Schools Without Walls, an innovative alternative school founded in the late 60’s in Philadelphia, Pennsylvania by the Parkway Program, is a precursor to virtual schools. Conceived as a learning experience where there was no building, no classroom, no seat time, and teachers were practitioners doing their work and affording students onsite apprenticeships, Schools Without Walls blurred the lines separating the community from student development.
Students pursued their interest, studied at their own pace, and moved forward based upon demonstrated competencies. A remnant of the innovation exists in the DC Public School District. There the approach operates in conjunction with George Washington University and, like the original model, uses the City and its resources as its classroom.

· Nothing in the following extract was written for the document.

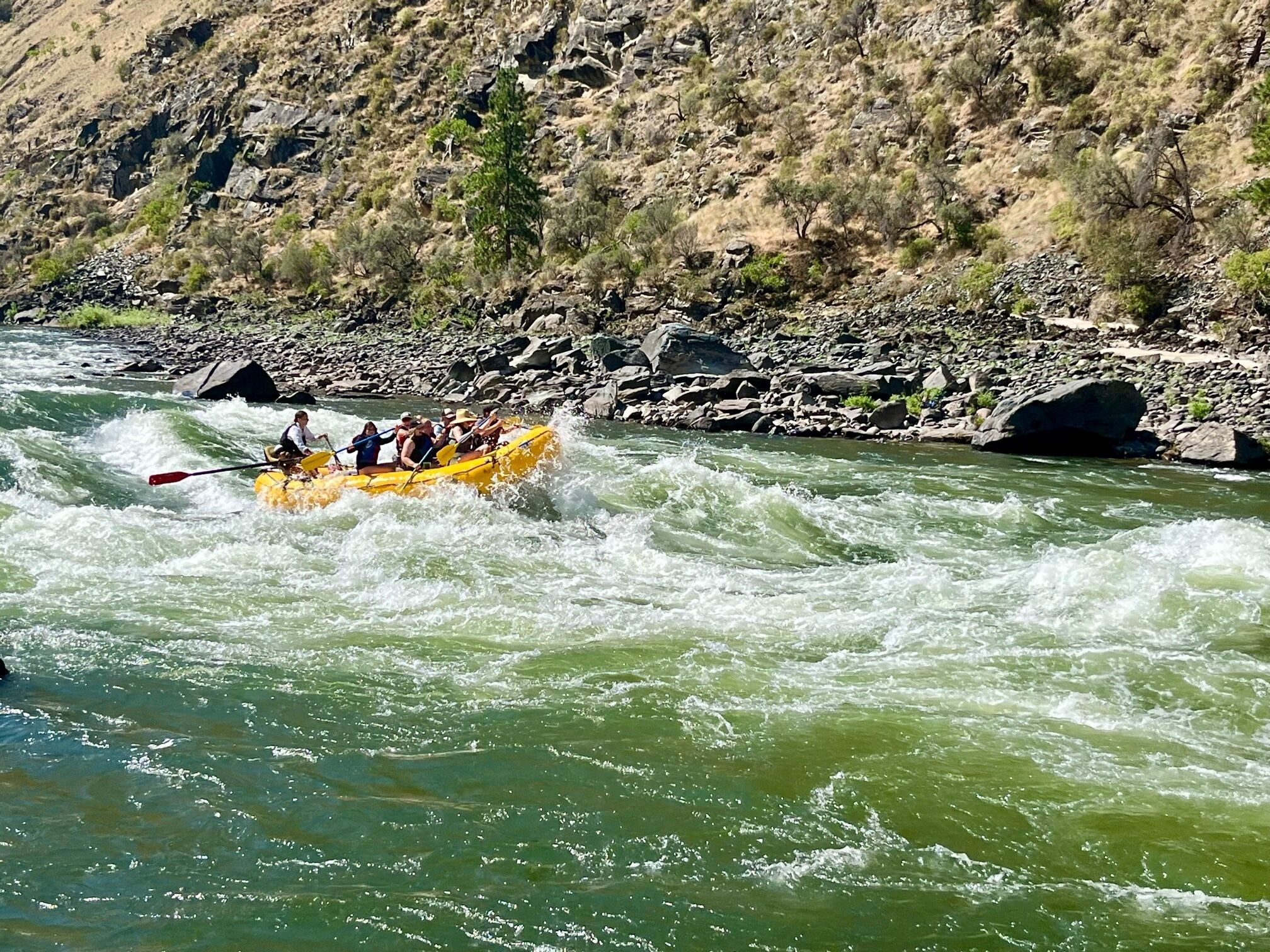 Een groep mensen in een gele raft die over een rivier vaart, omringd door rotsachtig terrein en schaarse begroeiing.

Increasingly, virtual schools mirror that
approach to teaching and learning. Regrettably, too many K-12 teachers are not skilled at integrating community resources into classroom practice. Even more important is the absence of teachers skilled at teaching online content. Like books and television from previous centuries, online content has revolutionized access to information, skills, and knowledge. No profession or workplace has escaped the influence of online content.
Every college and university has, or is trying to, integrate online instruction into its standard operating procedure. Every school-aged child has been or will be informed or influenced by online content. And, every month, the quality, quantity, and accessibility of online content increase exponentially.
In every epoch technology leaves latecomers behind. The latecomers on the current landscape are education practitioners that are luddites and laggards when it comes to integrating online content into instruction. To be an effective contemporary educator one must include digital content and pedagogy into one’s repertoire.
Instruction without digital content is myopic. There are no walls, no time clocks, no fountains of knowledge, no sequences, no boundaries to teaching and learning. Teachers must require their students to study online without regard to age, sex, gender, or wealth.